With the Presidential election just a few days away, bad actors are ramping up their efforts to lure in victims with phishing attacks designed to harvest credentials and personal information that could lead to the next large-scale breach. The threat is so prevalent that the Better Business Bureau, the Identity Theft Resource Center and the National Association of State Election Directors have all issued warnings to the general public.

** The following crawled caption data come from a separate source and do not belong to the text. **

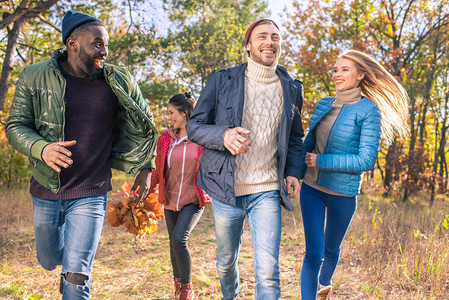 一群快乐的年轻朋友在秋天公园散步图片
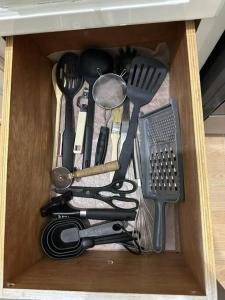 a wooden drawer filled with cooking utensils at Eagles Nest Villa Studio AC TV WIFI Fan Luxury Modern in Albion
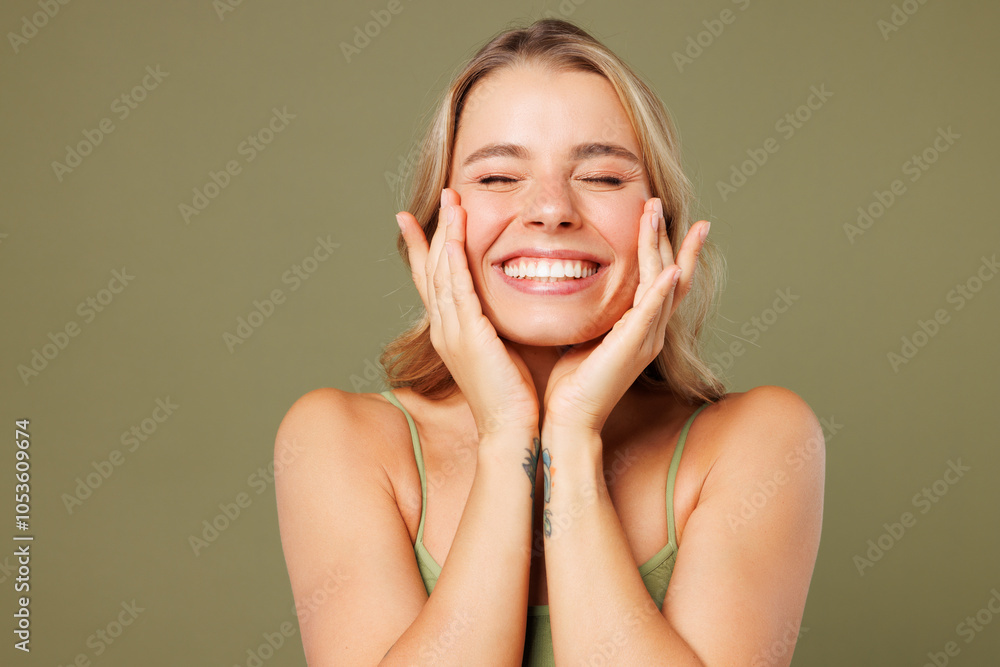 Close up young smiling happy nice lady woman with slim skinny body perfect skin wear top bra lingerie stand touch face close eyes isolated on plain pastel green background. Lifestyle diet fit concept. Close up young smiling happy nice lady woman with slim skinny body perfect skin wear top bra lingerie stand touch face close eyes isolated on plain pastel green background. Lifestyle diet fit concept.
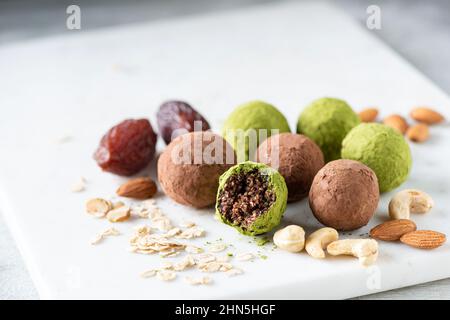 Boules d'énergie saine avec des dattes et des noix enrobées de poudre de matcha de thé vert. Truffes végétaliennes sans sucre Banque D'Images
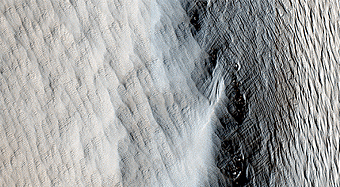 Dust Covered Channels on Tharsis Tholus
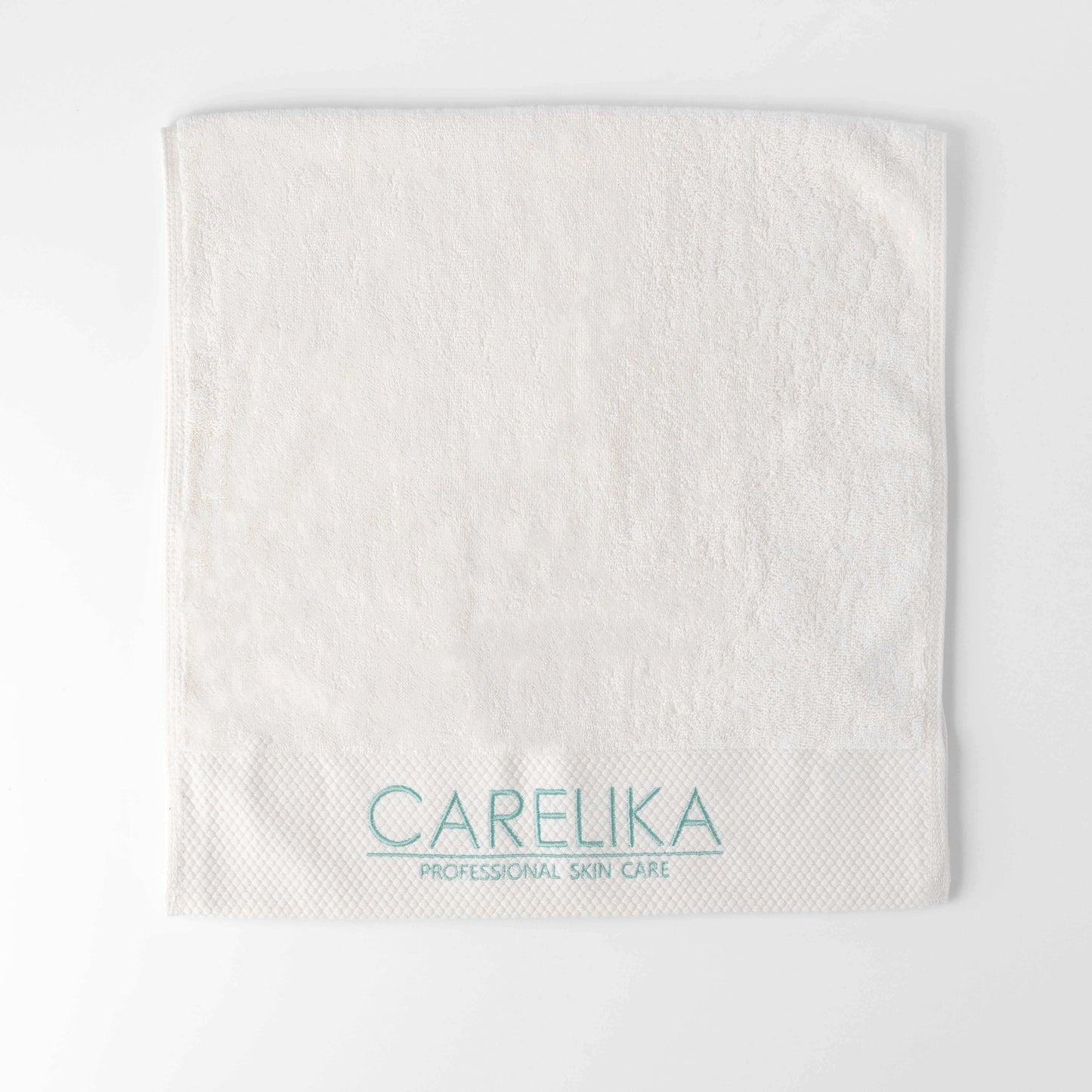 Carelika hand towel 40x80cm in white, made from 100% cotton, featuring embroidered logo for luxury and absorbency.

Election-related phishing attacks can surface across channels in various formats, and the unsuspecting user can be caught off-guard. Phishing is the number one cause of breaches, and all the major breaches in 2020 started with phishing. Successful phishing attacks start with a compelling message, and elections are great for cybercriminals because the message is targeted to elicit an emotional response to prompt action. Here are a few examples:
- Surveys and polls:Bad actors may send an email or post an ad on a social channel asking voters to take a survey or participate in a poll. This is a good way to collect personally identifiable information (PII) such as social security numbers. Emails requesting that you confirm your status as a registered voter to take a poll are particularly suspect.
- Petitions:It’s common to be passionate about political issues and have a desire to initiate change. Fraudsters play on this natural instinct and send bogus petition requests, asking you to offer up personal information.
- Donation requests:Like petitions, online requests for money to support an important cause or specific candidate can be fraudulent. Fraudsters may pose as campaign volunteers and ask for credit card numbers and other personal information to complete the donation. They may even impersonate candidates using pre-recorded audio to lure you in. (Screen 1)
- Registration scams: In the U.S., it is not possible to vote by phone, email, or text — but that doesn’t stop scammers from trying to convince you it isn’t. (Screen 2)
These are just some ways bad actors phish for PII, perpetrate credit card or money transfer scams. Today’s phishing doesn’t just happen over email, but numerous channels — SMS, messaging apps, social platforms, search…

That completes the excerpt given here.